++++ RECORDS PROVIDED ++++
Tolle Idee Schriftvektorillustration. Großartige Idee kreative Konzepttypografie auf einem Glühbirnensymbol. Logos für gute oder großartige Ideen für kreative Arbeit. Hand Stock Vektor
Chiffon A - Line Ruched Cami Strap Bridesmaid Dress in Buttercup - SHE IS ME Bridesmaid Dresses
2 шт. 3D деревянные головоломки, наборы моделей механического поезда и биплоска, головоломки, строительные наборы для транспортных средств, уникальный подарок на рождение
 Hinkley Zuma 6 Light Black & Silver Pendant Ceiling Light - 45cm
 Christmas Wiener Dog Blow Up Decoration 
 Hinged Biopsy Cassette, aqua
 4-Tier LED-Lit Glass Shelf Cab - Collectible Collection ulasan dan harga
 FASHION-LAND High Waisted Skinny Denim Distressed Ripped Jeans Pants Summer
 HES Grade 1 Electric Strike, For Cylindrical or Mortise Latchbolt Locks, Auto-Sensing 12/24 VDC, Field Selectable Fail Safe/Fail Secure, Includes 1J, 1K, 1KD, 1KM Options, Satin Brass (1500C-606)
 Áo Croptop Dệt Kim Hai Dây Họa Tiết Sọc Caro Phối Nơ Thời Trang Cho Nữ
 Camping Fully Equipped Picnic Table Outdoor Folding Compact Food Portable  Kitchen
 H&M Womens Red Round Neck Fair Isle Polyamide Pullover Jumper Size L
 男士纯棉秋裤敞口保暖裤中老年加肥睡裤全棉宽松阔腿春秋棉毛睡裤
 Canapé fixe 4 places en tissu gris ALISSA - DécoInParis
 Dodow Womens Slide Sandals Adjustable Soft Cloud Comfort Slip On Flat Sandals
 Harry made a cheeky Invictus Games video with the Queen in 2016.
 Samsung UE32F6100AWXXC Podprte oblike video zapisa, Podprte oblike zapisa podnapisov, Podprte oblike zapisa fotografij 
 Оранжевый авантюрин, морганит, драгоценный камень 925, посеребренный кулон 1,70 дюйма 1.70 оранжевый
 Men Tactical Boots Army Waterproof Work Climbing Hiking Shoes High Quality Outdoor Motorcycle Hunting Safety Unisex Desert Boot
++++
Filter the data above down to lines with the word "Outdoor", and copy them.

- _YOUR RESPONSE_:
 Camping Fully Equipped Picnic Table Outdoor Folding Compact Food Portable  Kitchen
 Men Tactical Boots Army Waterproof Work Climbing Hiking Shoes High Quality Outdoor Motorcycle Hunting Safety Unisex Desert Boot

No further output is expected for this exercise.